La position de la Cour

La Cour du travail de Mons examine tout d’abord si la demande principale originaire de l’employeur est ou non recevable. La question porte sur l’intérêt que peut avoir l’employeur à l’action introduite. La Cour rappelle que l’intérêt, au sens de l’article 17 du Code judiciaire, consiste en tout avantage, qu’il soit matériel ou moral, effectif (mais non théorique) que le demandeur peut retirer de la demande, l’intérêt s’appréciant au moment de l’introduction de celle-ci.

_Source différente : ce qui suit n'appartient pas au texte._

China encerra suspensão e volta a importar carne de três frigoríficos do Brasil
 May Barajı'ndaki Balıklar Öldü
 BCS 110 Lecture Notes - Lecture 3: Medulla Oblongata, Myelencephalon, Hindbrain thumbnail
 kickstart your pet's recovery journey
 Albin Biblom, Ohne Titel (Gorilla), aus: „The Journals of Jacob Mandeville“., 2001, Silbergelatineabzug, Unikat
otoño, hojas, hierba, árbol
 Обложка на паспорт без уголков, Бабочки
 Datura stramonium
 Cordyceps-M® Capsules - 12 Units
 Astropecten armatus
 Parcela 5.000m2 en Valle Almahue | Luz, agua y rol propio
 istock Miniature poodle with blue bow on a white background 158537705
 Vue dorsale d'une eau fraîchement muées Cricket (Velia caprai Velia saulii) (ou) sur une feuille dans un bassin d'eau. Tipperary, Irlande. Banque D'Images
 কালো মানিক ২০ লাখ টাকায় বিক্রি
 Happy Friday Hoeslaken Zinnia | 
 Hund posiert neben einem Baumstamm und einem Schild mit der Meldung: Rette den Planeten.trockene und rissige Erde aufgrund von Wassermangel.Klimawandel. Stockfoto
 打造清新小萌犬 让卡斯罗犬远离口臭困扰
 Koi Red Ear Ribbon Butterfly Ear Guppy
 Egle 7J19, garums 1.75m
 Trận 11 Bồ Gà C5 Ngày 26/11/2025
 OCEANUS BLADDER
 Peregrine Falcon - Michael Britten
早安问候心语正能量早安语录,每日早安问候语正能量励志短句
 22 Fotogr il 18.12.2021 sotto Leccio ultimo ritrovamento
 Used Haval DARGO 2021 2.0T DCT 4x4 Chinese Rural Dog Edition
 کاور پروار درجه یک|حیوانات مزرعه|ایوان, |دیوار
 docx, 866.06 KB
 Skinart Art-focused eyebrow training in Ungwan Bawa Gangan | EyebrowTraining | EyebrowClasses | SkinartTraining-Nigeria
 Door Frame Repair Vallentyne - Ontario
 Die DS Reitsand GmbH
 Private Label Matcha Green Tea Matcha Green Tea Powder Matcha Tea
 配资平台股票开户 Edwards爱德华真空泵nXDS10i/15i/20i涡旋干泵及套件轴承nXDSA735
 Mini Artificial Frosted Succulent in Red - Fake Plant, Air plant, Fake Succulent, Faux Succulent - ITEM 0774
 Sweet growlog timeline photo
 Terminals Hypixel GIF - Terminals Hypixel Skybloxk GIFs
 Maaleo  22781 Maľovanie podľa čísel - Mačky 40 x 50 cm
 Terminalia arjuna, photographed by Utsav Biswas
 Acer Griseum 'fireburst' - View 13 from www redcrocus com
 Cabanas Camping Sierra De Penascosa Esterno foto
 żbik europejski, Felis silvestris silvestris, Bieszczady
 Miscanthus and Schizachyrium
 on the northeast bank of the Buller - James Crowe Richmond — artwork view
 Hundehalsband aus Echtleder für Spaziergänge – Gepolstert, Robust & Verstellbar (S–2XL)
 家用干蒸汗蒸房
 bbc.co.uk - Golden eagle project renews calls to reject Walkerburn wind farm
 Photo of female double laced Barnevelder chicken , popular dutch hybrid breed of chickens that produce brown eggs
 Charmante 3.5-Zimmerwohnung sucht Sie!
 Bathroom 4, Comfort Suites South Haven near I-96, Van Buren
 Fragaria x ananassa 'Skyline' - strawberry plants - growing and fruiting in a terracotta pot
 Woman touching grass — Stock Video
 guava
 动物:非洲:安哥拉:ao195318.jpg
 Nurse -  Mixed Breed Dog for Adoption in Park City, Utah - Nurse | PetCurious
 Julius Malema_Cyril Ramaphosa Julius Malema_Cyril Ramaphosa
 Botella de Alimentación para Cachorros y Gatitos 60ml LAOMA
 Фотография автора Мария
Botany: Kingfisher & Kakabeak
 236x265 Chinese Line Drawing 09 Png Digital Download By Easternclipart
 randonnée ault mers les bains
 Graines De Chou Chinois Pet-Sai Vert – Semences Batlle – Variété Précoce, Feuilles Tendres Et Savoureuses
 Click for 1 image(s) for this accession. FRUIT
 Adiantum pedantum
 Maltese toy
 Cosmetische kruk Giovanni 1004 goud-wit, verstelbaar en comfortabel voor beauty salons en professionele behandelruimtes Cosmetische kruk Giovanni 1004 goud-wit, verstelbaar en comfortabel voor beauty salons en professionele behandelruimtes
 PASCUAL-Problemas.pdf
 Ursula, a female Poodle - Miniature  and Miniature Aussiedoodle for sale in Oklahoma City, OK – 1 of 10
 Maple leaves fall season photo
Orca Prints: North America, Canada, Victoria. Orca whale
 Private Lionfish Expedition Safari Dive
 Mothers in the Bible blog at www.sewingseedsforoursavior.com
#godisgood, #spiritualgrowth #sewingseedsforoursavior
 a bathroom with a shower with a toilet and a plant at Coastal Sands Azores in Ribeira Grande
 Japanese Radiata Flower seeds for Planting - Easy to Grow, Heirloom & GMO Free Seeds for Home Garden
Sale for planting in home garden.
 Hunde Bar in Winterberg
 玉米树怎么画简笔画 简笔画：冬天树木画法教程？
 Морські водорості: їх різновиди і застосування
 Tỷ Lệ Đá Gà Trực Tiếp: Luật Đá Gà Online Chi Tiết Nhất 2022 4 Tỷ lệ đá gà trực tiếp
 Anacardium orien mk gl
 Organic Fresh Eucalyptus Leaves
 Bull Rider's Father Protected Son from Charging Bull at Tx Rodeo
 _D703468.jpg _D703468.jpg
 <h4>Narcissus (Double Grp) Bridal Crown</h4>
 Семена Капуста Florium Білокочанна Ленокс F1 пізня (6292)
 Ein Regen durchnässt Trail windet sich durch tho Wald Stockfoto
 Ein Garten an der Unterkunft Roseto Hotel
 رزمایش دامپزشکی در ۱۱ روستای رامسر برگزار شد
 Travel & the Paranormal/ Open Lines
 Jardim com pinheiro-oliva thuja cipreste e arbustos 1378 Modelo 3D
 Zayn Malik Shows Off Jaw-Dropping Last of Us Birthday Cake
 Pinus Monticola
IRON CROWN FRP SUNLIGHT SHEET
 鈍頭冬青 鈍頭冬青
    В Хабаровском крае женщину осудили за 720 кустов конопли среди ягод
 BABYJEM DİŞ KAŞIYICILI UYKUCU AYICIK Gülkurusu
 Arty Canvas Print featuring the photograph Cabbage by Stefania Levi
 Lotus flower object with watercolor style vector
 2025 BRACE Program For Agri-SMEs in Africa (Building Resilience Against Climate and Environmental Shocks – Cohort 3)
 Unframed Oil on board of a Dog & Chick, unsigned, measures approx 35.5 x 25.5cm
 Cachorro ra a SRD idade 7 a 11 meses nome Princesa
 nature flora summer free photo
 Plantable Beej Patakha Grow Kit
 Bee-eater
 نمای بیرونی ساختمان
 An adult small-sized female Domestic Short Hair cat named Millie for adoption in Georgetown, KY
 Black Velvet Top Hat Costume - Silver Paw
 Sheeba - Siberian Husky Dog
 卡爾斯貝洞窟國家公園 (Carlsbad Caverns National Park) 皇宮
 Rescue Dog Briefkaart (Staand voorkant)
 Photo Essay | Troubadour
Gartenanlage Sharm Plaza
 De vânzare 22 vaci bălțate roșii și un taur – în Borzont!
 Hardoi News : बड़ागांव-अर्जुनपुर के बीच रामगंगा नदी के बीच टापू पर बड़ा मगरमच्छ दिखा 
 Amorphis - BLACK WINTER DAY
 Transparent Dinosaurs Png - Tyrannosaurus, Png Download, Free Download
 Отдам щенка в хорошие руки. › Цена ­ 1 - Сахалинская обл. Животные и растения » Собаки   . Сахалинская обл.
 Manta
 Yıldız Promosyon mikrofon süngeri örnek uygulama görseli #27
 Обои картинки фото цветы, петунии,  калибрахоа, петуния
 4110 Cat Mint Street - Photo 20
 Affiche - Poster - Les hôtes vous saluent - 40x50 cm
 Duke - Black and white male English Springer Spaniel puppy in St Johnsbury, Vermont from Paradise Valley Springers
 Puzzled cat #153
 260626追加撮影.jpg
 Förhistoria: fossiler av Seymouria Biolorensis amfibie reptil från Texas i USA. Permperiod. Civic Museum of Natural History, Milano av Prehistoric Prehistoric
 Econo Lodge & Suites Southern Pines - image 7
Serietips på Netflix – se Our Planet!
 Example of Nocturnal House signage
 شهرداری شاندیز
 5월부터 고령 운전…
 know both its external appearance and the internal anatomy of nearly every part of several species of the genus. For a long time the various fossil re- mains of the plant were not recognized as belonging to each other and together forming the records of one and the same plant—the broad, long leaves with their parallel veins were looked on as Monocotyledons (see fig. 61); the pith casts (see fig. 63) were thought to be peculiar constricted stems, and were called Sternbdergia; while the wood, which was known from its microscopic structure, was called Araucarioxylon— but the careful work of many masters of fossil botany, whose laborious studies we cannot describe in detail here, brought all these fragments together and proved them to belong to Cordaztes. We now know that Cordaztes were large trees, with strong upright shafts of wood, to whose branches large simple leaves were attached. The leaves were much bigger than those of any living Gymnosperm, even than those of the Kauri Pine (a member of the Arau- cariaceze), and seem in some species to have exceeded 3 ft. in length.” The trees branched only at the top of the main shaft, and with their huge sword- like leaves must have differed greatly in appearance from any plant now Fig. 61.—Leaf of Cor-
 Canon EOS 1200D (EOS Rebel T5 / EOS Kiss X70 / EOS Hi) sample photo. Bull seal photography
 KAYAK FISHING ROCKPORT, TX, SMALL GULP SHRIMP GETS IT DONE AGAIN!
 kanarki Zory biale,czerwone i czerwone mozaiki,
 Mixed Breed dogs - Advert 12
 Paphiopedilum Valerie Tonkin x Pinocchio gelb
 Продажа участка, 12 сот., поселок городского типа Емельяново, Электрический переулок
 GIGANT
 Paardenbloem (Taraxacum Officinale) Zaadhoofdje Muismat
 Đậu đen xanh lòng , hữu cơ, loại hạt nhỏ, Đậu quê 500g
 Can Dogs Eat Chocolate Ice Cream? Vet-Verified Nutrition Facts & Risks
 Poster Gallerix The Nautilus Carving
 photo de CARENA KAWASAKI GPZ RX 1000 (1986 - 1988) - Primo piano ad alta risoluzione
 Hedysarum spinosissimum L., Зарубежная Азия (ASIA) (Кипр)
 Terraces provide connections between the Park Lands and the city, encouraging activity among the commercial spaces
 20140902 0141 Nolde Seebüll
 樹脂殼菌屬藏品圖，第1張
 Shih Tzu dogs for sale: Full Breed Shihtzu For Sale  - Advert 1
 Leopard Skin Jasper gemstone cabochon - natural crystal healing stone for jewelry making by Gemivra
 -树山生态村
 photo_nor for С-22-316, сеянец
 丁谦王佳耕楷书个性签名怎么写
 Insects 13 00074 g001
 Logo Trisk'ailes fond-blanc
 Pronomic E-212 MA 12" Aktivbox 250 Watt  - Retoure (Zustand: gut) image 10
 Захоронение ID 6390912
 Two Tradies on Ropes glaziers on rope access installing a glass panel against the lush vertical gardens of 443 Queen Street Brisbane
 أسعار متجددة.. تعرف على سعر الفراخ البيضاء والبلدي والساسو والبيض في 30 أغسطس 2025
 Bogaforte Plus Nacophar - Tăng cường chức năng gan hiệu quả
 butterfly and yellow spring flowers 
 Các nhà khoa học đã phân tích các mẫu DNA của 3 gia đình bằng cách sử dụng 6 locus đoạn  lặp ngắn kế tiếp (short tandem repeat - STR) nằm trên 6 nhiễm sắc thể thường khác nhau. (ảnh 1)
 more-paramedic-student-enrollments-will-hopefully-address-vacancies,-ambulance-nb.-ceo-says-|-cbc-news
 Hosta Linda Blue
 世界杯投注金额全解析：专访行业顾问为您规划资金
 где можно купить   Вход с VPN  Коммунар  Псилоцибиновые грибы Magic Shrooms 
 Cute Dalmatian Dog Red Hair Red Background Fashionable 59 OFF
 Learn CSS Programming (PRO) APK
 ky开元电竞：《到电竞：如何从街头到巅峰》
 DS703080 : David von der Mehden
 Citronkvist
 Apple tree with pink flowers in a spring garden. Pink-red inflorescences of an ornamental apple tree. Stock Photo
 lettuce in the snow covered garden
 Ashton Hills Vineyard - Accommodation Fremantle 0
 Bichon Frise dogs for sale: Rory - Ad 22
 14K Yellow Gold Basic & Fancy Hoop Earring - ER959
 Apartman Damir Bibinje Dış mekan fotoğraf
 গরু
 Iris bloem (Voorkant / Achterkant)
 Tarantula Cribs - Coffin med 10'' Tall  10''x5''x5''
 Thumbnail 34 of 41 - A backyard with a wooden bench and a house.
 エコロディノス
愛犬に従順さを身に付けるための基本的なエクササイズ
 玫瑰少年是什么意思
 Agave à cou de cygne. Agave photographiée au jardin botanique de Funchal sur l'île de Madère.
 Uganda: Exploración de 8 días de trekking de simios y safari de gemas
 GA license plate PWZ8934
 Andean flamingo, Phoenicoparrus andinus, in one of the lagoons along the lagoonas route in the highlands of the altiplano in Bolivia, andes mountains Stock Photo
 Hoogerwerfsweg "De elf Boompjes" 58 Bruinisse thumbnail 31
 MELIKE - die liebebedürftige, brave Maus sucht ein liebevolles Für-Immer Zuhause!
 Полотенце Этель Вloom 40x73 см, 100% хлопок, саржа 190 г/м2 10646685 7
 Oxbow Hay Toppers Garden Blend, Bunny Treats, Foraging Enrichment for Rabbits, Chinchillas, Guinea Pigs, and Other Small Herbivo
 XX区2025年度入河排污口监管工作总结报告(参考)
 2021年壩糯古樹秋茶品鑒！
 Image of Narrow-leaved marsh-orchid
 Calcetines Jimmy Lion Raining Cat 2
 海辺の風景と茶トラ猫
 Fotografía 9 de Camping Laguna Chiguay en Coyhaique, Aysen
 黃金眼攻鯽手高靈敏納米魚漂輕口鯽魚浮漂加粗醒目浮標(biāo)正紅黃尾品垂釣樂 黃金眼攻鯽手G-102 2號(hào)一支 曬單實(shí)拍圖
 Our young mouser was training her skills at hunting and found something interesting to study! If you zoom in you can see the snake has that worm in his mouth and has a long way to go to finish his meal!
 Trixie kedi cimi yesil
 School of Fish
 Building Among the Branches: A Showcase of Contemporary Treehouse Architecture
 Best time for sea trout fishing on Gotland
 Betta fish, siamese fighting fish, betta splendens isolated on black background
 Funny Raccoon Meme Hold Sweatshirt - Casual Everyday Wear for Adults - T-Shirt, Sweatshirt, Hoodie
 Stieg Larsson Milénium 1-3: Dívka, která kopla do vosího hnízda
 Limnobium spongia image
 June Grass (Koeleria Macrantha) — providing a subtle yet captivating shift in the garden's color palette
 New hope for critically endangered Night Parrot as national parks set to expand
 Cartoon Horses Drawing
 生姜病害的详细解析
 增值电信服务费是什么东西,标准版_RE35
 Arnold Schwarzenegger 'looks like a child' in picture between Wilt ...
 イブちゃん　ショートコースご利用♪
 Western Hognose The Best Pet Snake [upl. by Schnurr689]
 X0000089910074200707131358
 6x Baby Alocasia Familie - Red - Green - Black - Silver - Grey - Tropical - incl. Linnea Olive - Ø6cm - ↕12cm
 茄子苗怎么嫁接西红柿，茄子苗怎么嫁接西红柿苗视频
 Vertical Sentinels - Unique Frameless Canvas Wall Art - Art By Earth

A défaut il y a irrecevabilité, le défaut d’intérêt étant une fin de non recevoir.

En l’espèce, la Cour constate qu’effectivement, l’employeur n’a aucun intérêt à introduire l’action, dès lors que sa décision est en tout état de cause devenue définitive une fois le délai de prescription écoulé. Elle confirme dès lors le jugement sur ce point.

Quant au fondement de la demande reconventionnelle introduite par la victime qui sollicitait la reconnaissance des faits comme accident du travail, la Cour rappelle tout d’abord que la recevabilité de cette demande reconventionnelle ne dépend pas de celle de la demande principale, la demande reconventionnelle étant autonome. En conséquence, sa recevabilité doit être examinée au regard des éléments qui lui sont propres.

Par contre, la Cour rappelle, en raison de cette autonomie, que la demande reconventionnelle ne bénéficie pas de l’effet interruptif attaché à la demande principale.

Rappelant le délai prescrit par l’article 20, alinéa 1er de la loi du 3 juillet 1967, la Cour constate que le délai de prescription est de trois ans, prenant cours au jour de la décision de refus de reconnaissance des faits par l’employeur, refus notifié par lettre du 5 août 2002.

Le délai de prescription s’étend donc du 6 août 2002 au 5 août 2005, de sorte que la demande, introduite par voie reconventionnelle le 5 octobre 2005, intervient tardivement.

La Cour confirme en conséquence le jugement.

Intérêt de la décision

Dans la mesure où dans le secteur public, c’est à l’employeur de prendre une décision sur l’existence des faits, de même que sur l’indemnisation, l’employeur n’a pas à faire reconnaitre l’absence d’accident du travail par les juridictions du travail. C’est ce que confirme la Cour du travail de Mons dans l’arrêté annoté.

Elle précise par ailleurs que la demande reconventionnelle ne bénéficie pas de l’effet interruptif attaché à la demande principale. En l’espèce, l’application de ces deux principes conduit au rejet de la demande de reconnaissance des faits introduite par le travailleur, celui-ci ayant laissé passer le délai de prescription.